Introduction: Hypoxemia is a critical component of several respiratory diseases and is known to be involved in the processes underlying co-morbidities associated to such disorders, notably at the cardiovascular level. Circulating level of Adiponectin (Ad), known as a metabolic regulator and cardio-protective hormone was previously suggested to be reduced by hypoxia but consequences of such variation are unclear. The evaluation of the specific effect of hypoxemia on Ad forms and receptors could improve the understanding of the involvement of Ad axis in hypoxemia-related diseases. Methods: Ad-pathway components were investigated in a murine model of sustained intermittent hypoxemia (FiO2 10%, 8 h/day, 35 days). Results: Sustained intermittent hypoxemia (SIH) induced a redistribution of Ad multimers in favor of HMW forms, without change in total plasmatic level.
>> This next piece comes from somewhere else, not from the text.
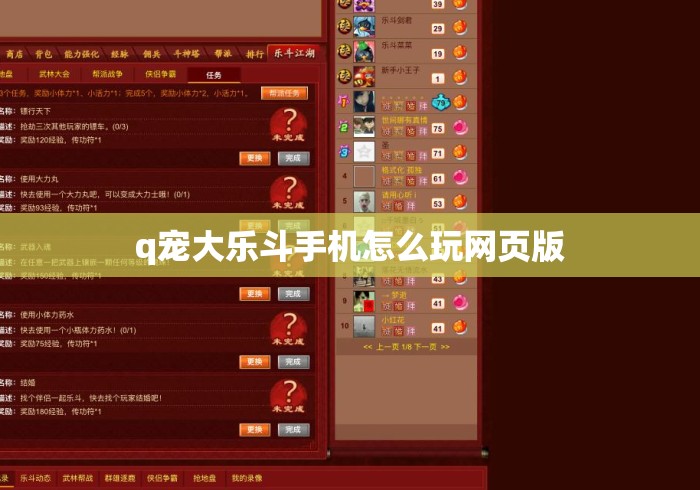 q宠大乐斗手机怎么玩网页版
Mice submitted to hypoxia also exhibited tissue-specific modification of adiporeceptor (AdipoR) protein level without mRNA expression change. A decreased AdipoR2 abundance was observed in skeletal muscle and heart whereas AdipoR1 level was only reduced in muscle. No change was observed in liver regarding AdipoR. Lipid profile was unchanged but glucose tolerance increased in hypoxemic mice. Conclusion: Sustained intermittent hypoxemia, per se, modify Ad oligomerization state as well as AdipoR protein abundance in a tissue-specific way. That suggests alteration in Ad-dependant pathways in pathological conditions associated to SIH. Investigation of Ad-pathway components could therefore constitute useful complementary criteria for the clustering of patients with hypoxemia-related diseases and management of co-morbidities, as well as to develop new therapeutic strategies.
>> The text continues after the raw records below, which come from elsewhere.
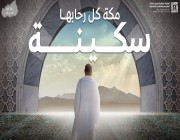 الهيئة الملكية لمدينة مكة المكرمة والمشاعر المقدسة تطلق حملة «مكة كلّها حرم»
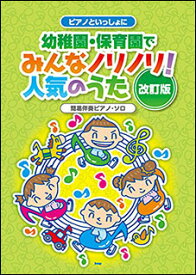 楽譜　ピアノといっしょに／幼稚園・保育園でみんなノリノリ！人気のうた（改訂版）(簡易伴奏ピアノ・ソロ)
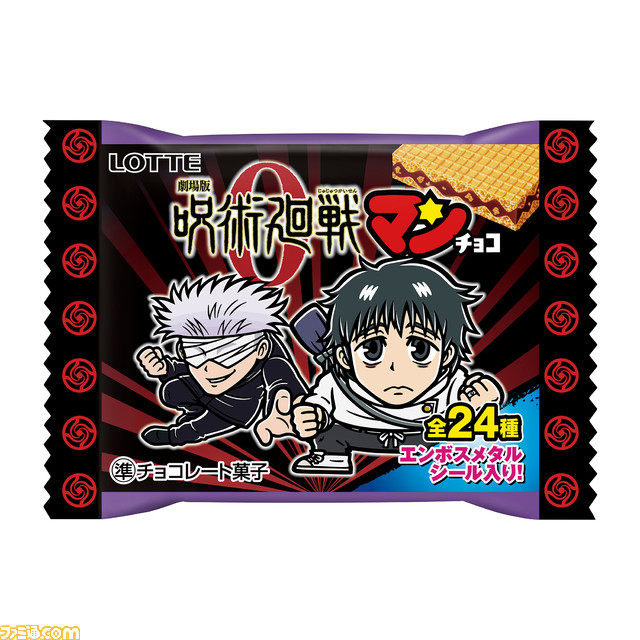 『呪術廻戦』×“ビックリマン”のコラボ商品“呪術廻戦マンチョコ”と“劇場版呪術廻戦0マンチョコ”が2月8日（火）より発売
Interactions of exercise training and high-fat diet on adiponectin forms and muscle receptors in mice.

BACKGROUND: Metabolic syndrome (MetS) is characterized by systemic disturbances that increase cardiovascular risk. Adiponectin (Ad) exhibits a cardioprotective function because of its anti-inflammatory and anti-atherosclerotic properties. In the bloodstream, this adipocytokine circulates on multimers (Admer), among which high molecular weight (HMW) are the most active forms. Because alterations of Ad plasmatic levels, Admer distribution and receptor (AdipoR) expression have been described in murine models and obese patients, strategies that aim to enhance Ad production or its effect on target tissues are the subject of intense investigations. While exercise training is well known to be beneficial for reducing cardiovascular risk, the contribution of Ad is still controversial. Our aim was to evaluate the effect of exercise training on Ad production, Admer distribution and AdipoR muscle expression in a murine model of MetS. METHODS: At 6 weeks of age, mice were submitted to a standard (SF) or high-fat high-sugar (HF) diet for 10 weeks. After 2 weeks, the SF- and HF-fed animals were randomly assigned to a training program (SFT, HFT) or not (SFC, HFC). The trained groups were submitted to sessions of running on a treadmill 5 days a week. RESULTS AND CONCLUSIONS: The HF mice presented the key problems associated with MetS (increased caloric intake, body weight, glycemia and fat mass), a change in Admer distribution in favor of the less-active forms and increased AdipoR2 expression in muscle. In contrast, exercise training reversed some of the adverse effects of a HF diet (increased glucose tolerance, better caloric intake control) without any modifications in Ad production and Admer distribution. However, increased AdipoR1 muscle expression was observed in trained mice, but this effect was hampered by HF diet. These data corroborate a recent hypothesis suggesting a functional divergence between AdipoR1 and AdipoR2, with AdipoR1 having the predominant protective action on metabolic function.